Mark O'Rowe's Made in China is a blackly comic drama set in an imaginary Dublin underworld full of martial arts, rogue cops and savage low-lifes. It was first performed on the Peacock stage of the Abbey Theatre, Dublin, on 10 April 2001 (previews from 5 April).
The play has three male characters: Paddy, Hughie and Kilby. Paddy’s weapons of choice are baseball bats and fists. Kilby (who imagines himself as something of an artist) prefers the skill of karate, which he practises on Hughie. Hughie just wants to break the legs of the guy who put the one-legged palmist in hospital. A dreadful accident sets in motion a violent tug-of-war between two criminal footsoldiers over the loyalty of a third.
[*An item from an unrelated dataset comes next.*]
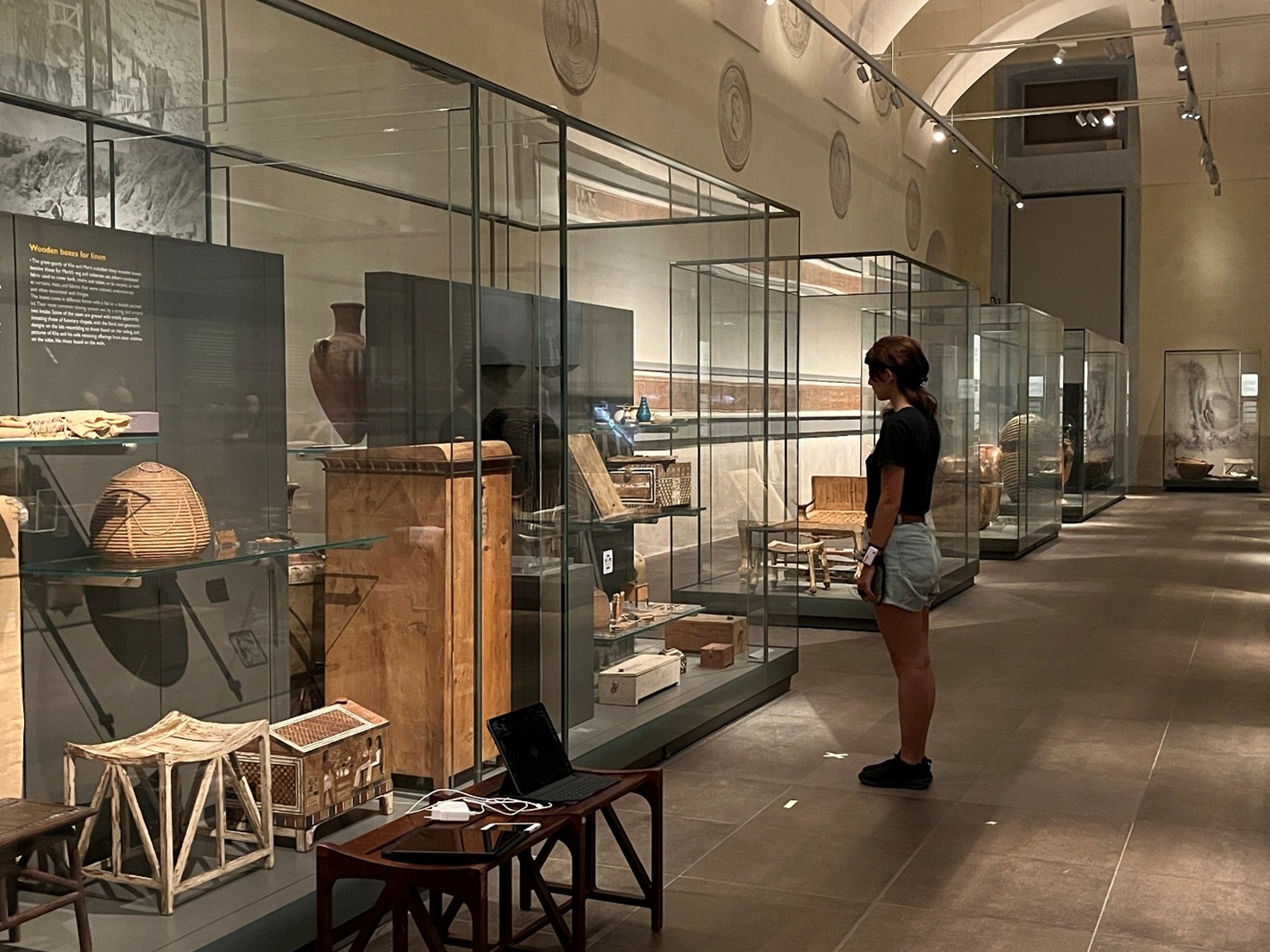 A person stands in a museum gallery, looking at glass display cases filled with artifacts. The gallery has a high arched ceiling and the cases are arranged in a line down the center of the room. A small table with a laptop and other electronic devices is in the foreground.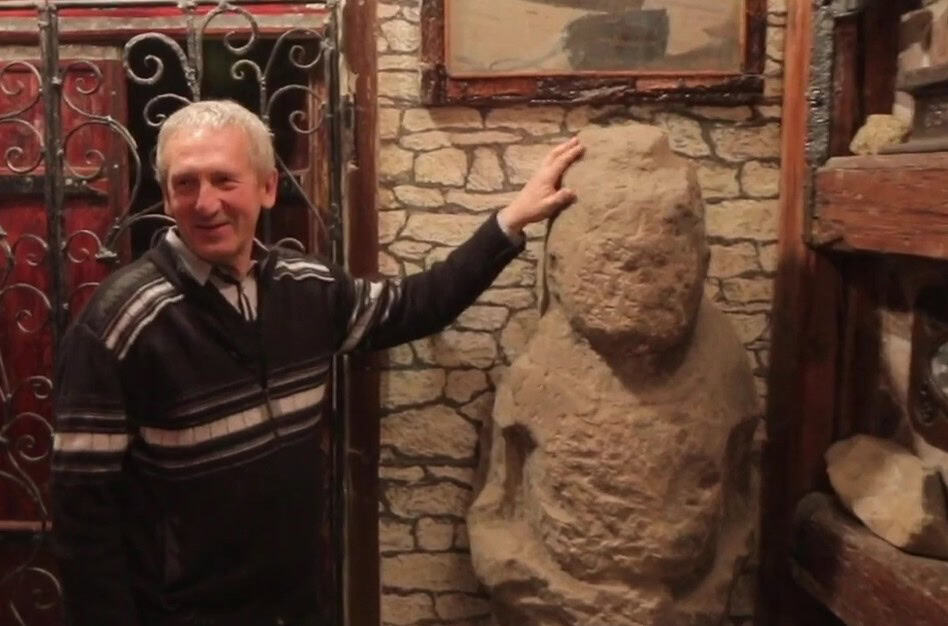 В’ячеслав Долженко з кам’яною бабою у власному музеї. Скриншот Вільного Радіо з відео “Орел і Решка”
Self-loathing, guilt and loneliness emerge in a frenzied narrative, culminating in a breakneck battle for survival.
In his foreword to Mark O'Rowe Plays: One (Nick Hern Books, 2011), O'Rowe recalls that the play 'was an attempt, I suppose, to transpose the style, or if not the style, then the energy, or if not the energy, then at least the milieu of Howie the Rookie (though it doesn’t really) into the type of play where characters actually talk to each other and not the audience – call it a proper play, or a well-made play, or a play which aspires to being a well-made play – and it culminates in a fight where two of the men take on the third who has the advantage of martial-arts training and the fact that he’s armed with a prosthetic leg, and which really needs to be impeccably and spectacularly choreographed to work.'
The Abbey Theatre production was directed by Gerard Stembridge and designed by Bláithín Sheerin, with Luke Griffin as Paddy, Anthony Brophy as Hughie and Andrew Connolly as Kilby.